Liquid Kids is a platform game where players assume the role of Hipopo, a hippopotamus who fights his way across various stages set in the land of Woody-Lake against enemies led by Fire Demon in search of his missing girlfriend Tamasun while rescuing other hippos along the way. Hipopo is armed with water bombs that can be thrown at enemies to soak and damage them. Once soaked, enemies can be kicked and destroyed completely. Undefeated enemies will dry out and recover after a short time period. Small plants also appear on certain levels which can be "watered", causing them to grow and creating new platforms. He can also collect cakes and other items to gain more points. Getting hit by enemies results in losing a life, as well as a penalty of lowering Hipopo's status to his original state. There is also an invisible time limit. If the player takes too long to complete the stage, a jingle will play along with "Hurry Up!" music and the screen will get dimmer, along with the little demon from the Hipopo and Tamasun cutscenes chasing the player until he catches them. The game is over once all lives are lost, unless players insert more credits into the arcade machine to continue playing.

== Release ==
Liquid Kids was first released in arcades by Taito in August 1990, using the Taito F2 System board. The soundtrack was composed by Kazuko "Karu" Umino. On January 21, 1991, an album containing music from the game and Space Gun was co-published exclusively in Japan by Scitron and Pony Canyon.

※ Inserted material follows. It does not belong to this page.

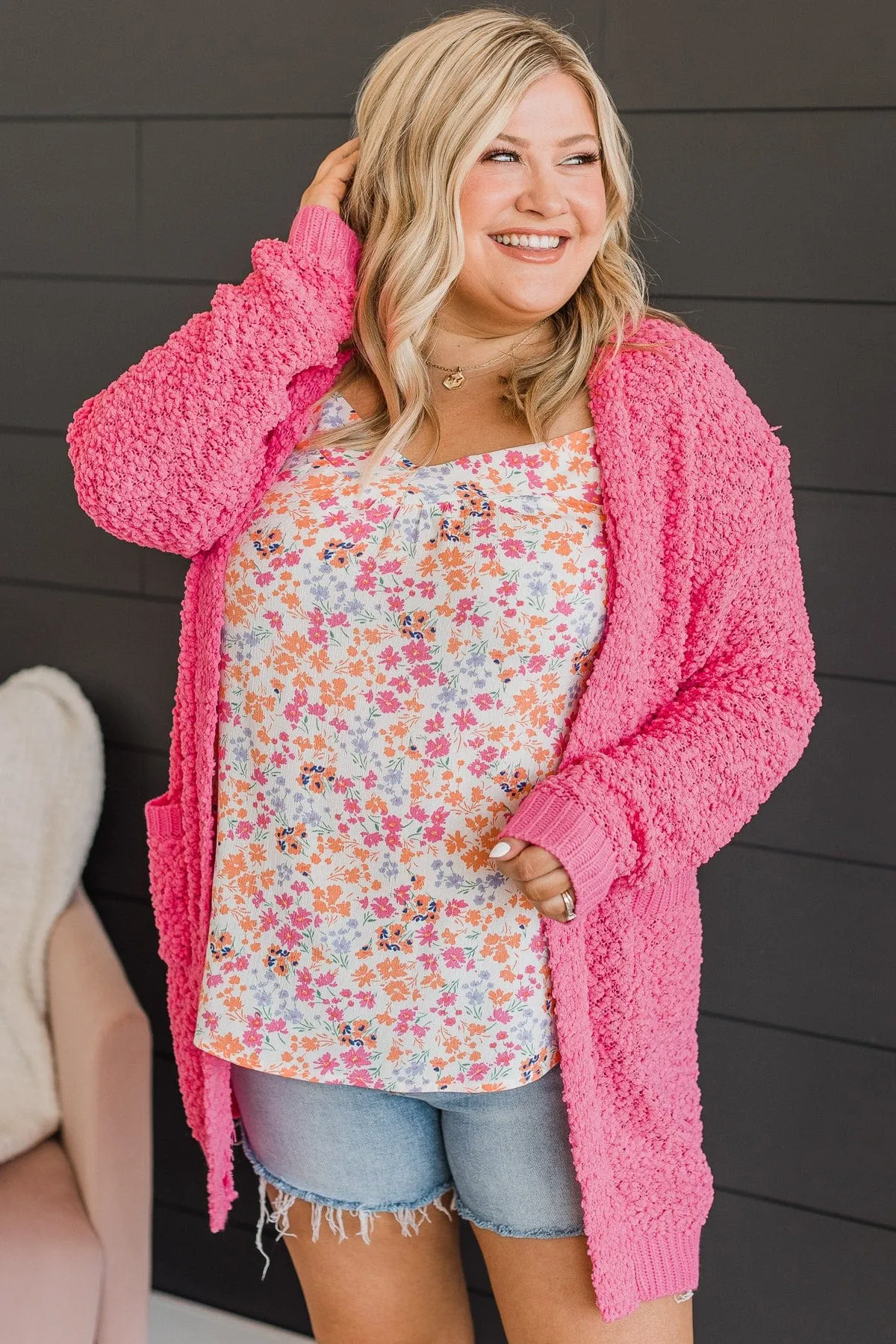 Movie Date Popcorn Knit Cardigan- Bright Pink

The title was first ported to the PC Engine by Taito and released exclusively in Japan on January 17, 1992. It is a faithful conversion that retains most of the gameplay elements from the arcade original but a number of graphical effects were removed such as the time transitions and parallax scrolling. This version would later be re-released for the Wii's Virtual Console in 2008. An Amiga port was completed by Ocean France, but not released by Ocean Software. Likewise, an Atari ST version was also in development but never released by Ocean for unknown reasons. A near-arcade perfect port was developed and published by Ving for the Sega Saturn on October 22, 1998. It was also included in the Taito Legends 2 (Taito Memories 2 in Japan) for the Xbox, PlayStation 2 and Microsoft Windows in 2006. Hamster Corporation released the game as part of the Arcade Archives series for the Nintendo Switch and PlayStation 4 in December 2021. The original arcade version was included as part of the Taito Egret II Mini dedicated console in 2022.

== Reception ==

In Japan, Game Machine listed Liquid Kids on their November 15, 1990 issue as being the seventeenth most-successful table arcade unit of the month, outperforming titles such as Parodius! From Myth to Laughter and Magic Sword. The arcade original was also met with positive reception from critics since its initial release. The PC Engine conversion was met with positive reception from critics.

Review scores
| Publication | Score |
|---|---|
| Famitsu | (PCE) 24/40 |
| Consoles + | (PCE) 85% |
| Gekkan PC Engine | (PCE) 80/100 |
| Génération 4 | (PCE) 92% |
| Joypad | (PCE) 93% |
| Joystick | (PCE) 91% |
| Marukatsu PC Engine | (PCE) 29/40 |
| PC Engine Fan | (PCE) 21.91/30 |
| Player One | (PCE) 88% |
| Sega Saturn Magazine (JP) | (Saturn) 6.0/10 |
| Sinclair User | (Arcade) 81/100 |
| Your Sinclair | (Arcade) 90°/100° |
| Zero | (Arcade) 4/5 |

== Legacy ==
Hipopo makes cameo appearances in Arkanoid vs. Space Invaders.